July 15, 2019 | By Hank Cunningham
Where does the market go from here? There are clear signs of slowing in global and American growth. Canada is an exception to this, with its economy performing well.
Monetary ease, in an attempt to forestall further weakness has returned everywhere but Canada. Bond yields, primarily in Europe, have fallen deeper into negative territory. It is premature to fear a recession in the near term, but GDP growth should abate somewhat.
The U.S. consumer remains confident and employment remains strong, while inflation actually stirred to everyone’s surprise. It is likely that bond yields will stay suppressed indefinitely, but we believe that a modest uptrend in yields may take place, especially if inflation continues to tick up.
Of course, global trade concerns are of major importance but it is difficult to predict the outcome or impact. Thus, they are the wild card and could lead to market disruption.
Canada is enjoying a period of positive economic results which should leave the Bank of Canada on the sidelines. The strength in the loonie will act as a de facto tightening, which should continue as the Fed contemplates lowering rates and weakening the U.S. dollar as a result.
June 13, 2019 | By Hank Cunningham
The stage is set for monetary easing. Fed Chair Powell signalled as much and the market has priced in one cut in July and two more for the rest of the year. This has resulted in a modest steepening in the yield curve, as measured by the two-year-ten-year spread, mostly as a result of the plunge in the two-year yield. Presently at 1.93%, the two-year is approximately 50bps below the Fed Funds Rate.

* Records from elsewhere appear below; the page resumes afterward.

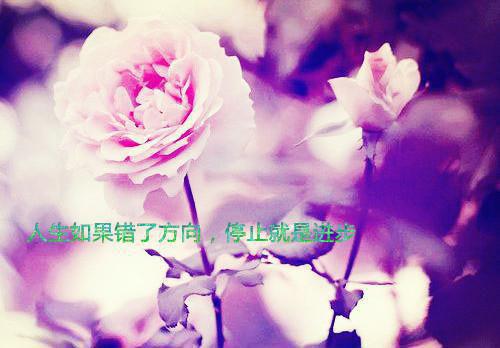 一句正能量的话励志格言大全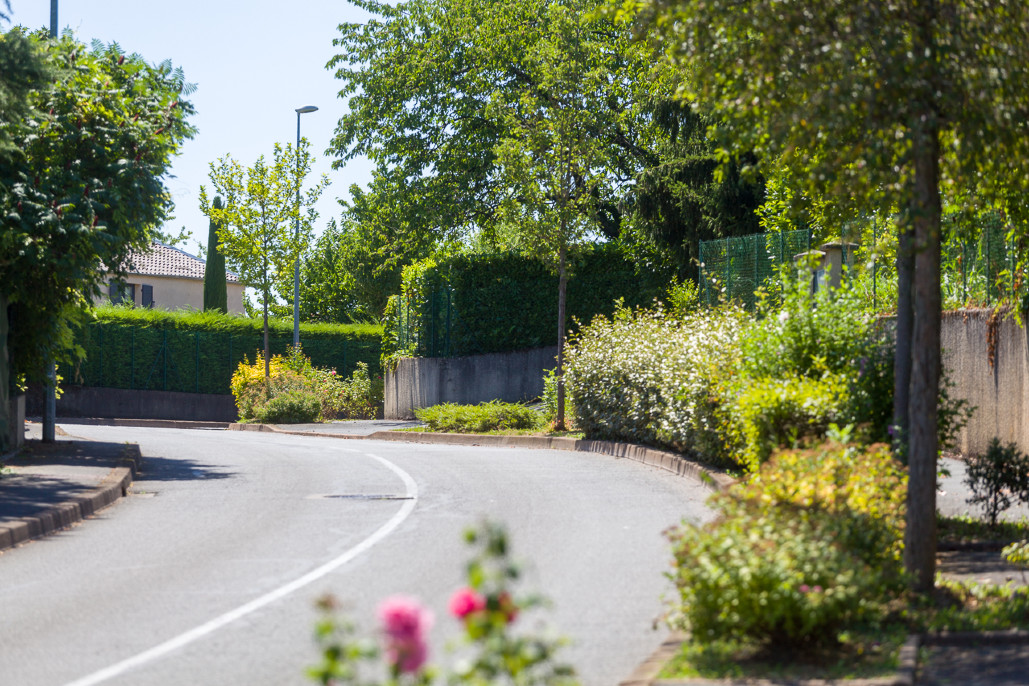 Ville de Saint-Cyr-Au-Mont-D'Or - Entretien et nettoyage des espaces verts 6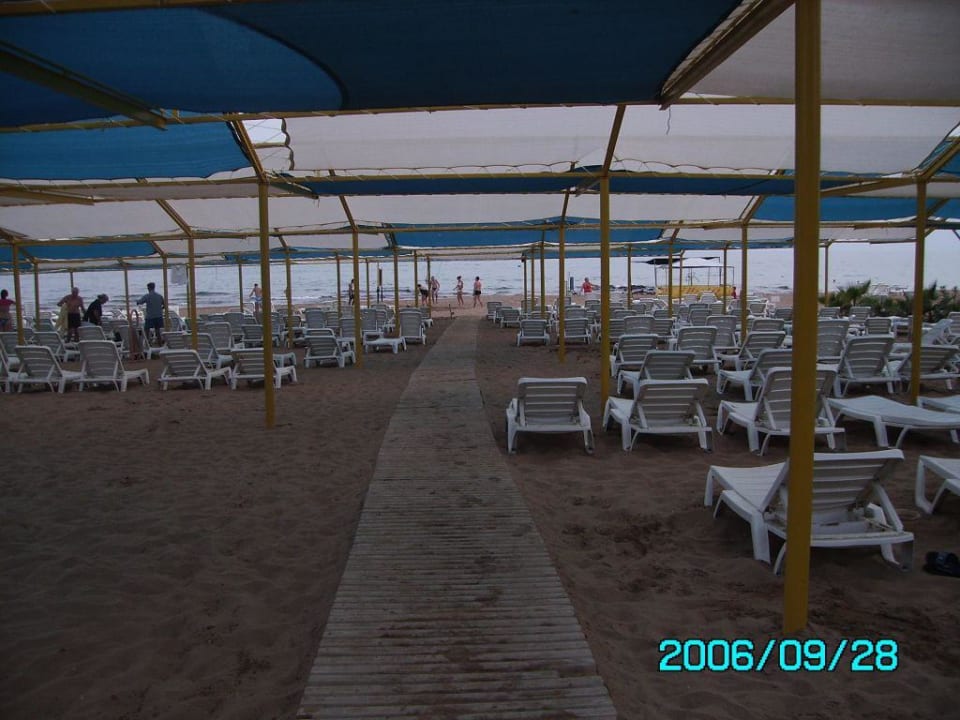 Das sind die Ligen vom Orfeus Park Hotel Hotel Orfeus Park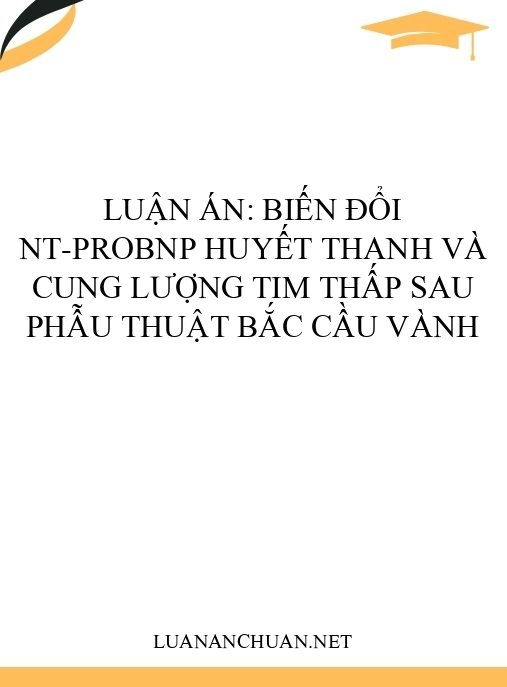 Luận án: Biến đổi NT-proBNP huyết thanh và cung lượng tim thấp sau phẫu thuật bắc cầu vành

While bond yields may ebb and flow, we are in for a sustained period of low interest rates and bond yields.
The Bank of Canada finds itself in an interesting position. With the Fed poised to ease, the bank is being pressured to follow but, given the recent strength across the Canadian economy, it may hold off for now. The loonie moved up steadily given the relatively attractive fundamental differences between the U.S. and Canadian economies. As a strong Canadian dollar represents de facto tightening, the Bank of Canada may have little option but to follow the Fed.
Credit conditions improved following the relaxation in trade tensions, witnessed in the narrowing yield spreads between corporate bonds, investment-grade, high-yield and government bonds.
May 9, 2019 | By Hank Cunningham
Bond yields have reached the low end of what we perceive to be a 2.40-2.80% trading range. If Fed Chair Powell is correct in labelling the recent softness in inflation as “transitory”, then bond yields may tick higher. Some of the recent decline in yields may also have emanated from the safe-haven bid after the latest trade spat.
Global growth is positive but at a reduced pace from 2018; Europe is mired in a 1% growth phase with a majority of its bonds at negative yields.
With most central banks on the sidelines (i.e., no tightening), corporations have little to fear from rising rates. Corporate bond yields, both investment grade and high yield, have thus narrowed versus government yields. This has held true in Canada where the Bank of Canada finally abandoned its tightening bias.
Thus far, inflation has not shown any signs of accelerating and we expect no jarring moves in bond yields.